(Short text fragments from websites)
★ ★ ★

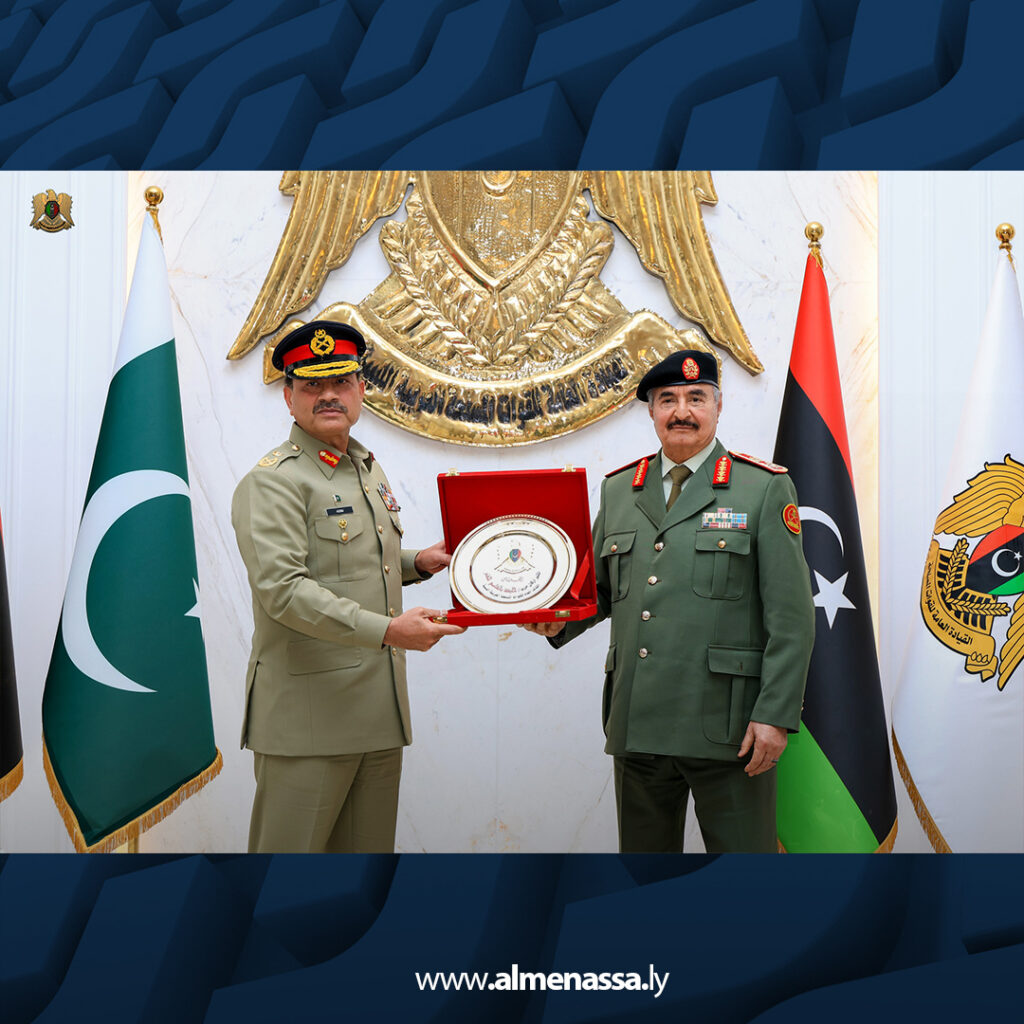 Extra 2.jpg22 2 القائد العام يستقبل قائد الجيش الباكستاني تعزيزا للتعاون العسكري والعلاقات الثنائية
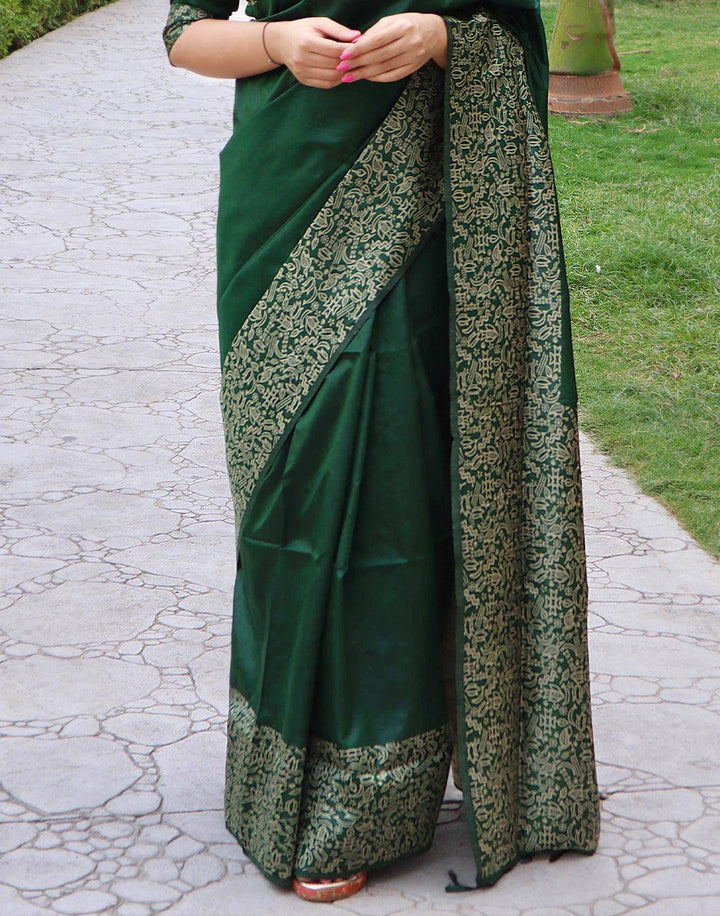 Sacramento Green Handloom Raw Silk Saree | Stitched Blouse - qivii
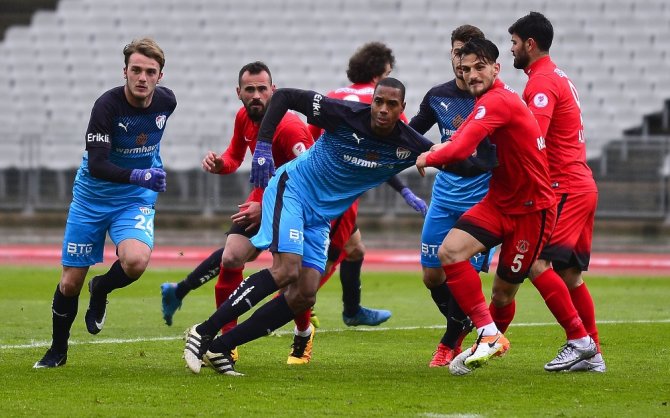 Bursaspor Galibiyetle Veda Etti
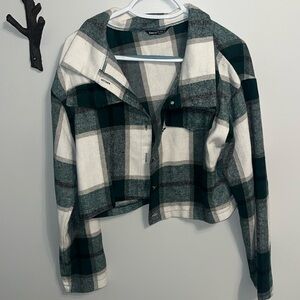 Cropped green plaid shacket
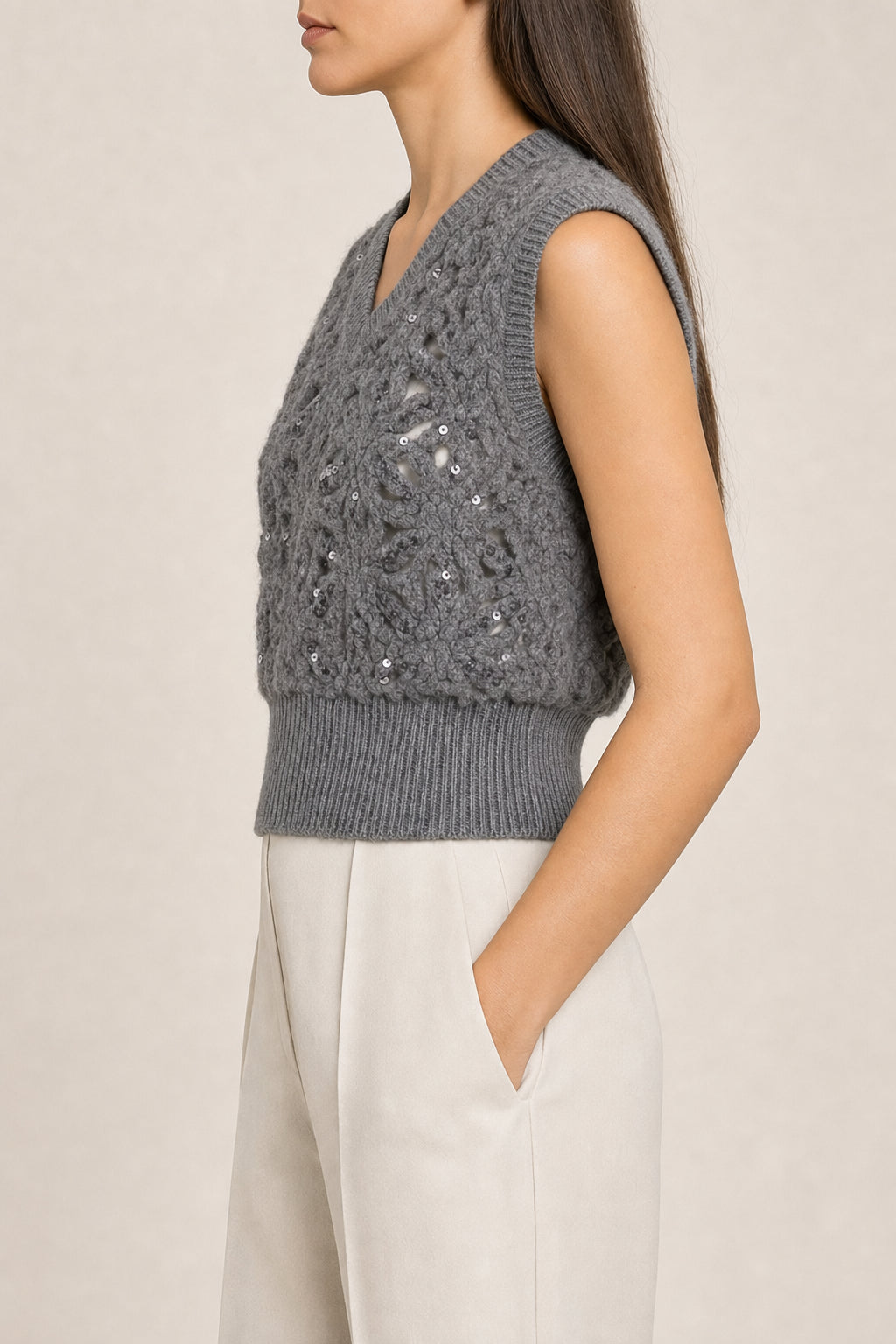 BRUNELLO CUCINELLI WOMEN'S MEDIUM GREY WOOL KNIT SWEATER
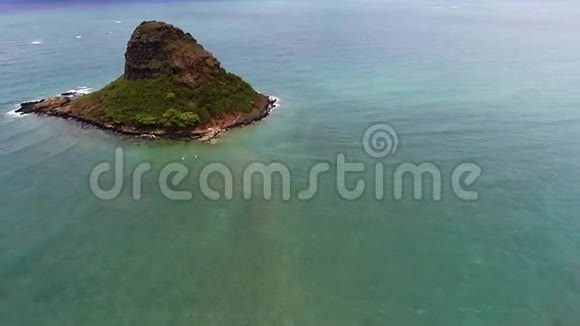 在瓦胡岛东岸莫科利岛的鸟瞰图视频的预览图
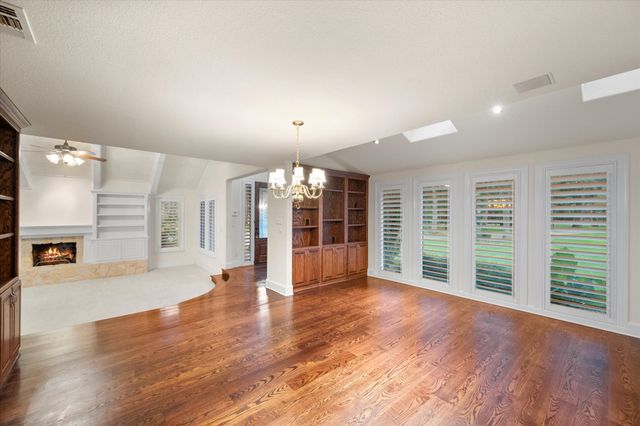 7 Woodland Drive, Mansfield, TX 76063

★ ★ ★

The entries above need to be repeated in full, word for word. Skip the images.

 Extra 2.jpg22 2 القائد العام يستقبل قائد الجيش الباكستاني تعزيزا للتعاون العسكري والعلاقات الثنائية
 Sacramento Green Handloom Raw Silk Saree | Stitched Blouse - qivii
 Bursaspor Galibiyetle Veda Etti
 Cropped green plaid shacket
 BRUNELLO CUCINELLI WOMEN'S MEDIUM GREY WOOL KNIT SWEATER
 在瓦胡岛东岸莫科利岛的鸟瞰图视频的预览图
 7 Woodland Drive, Mansfield, TX 76063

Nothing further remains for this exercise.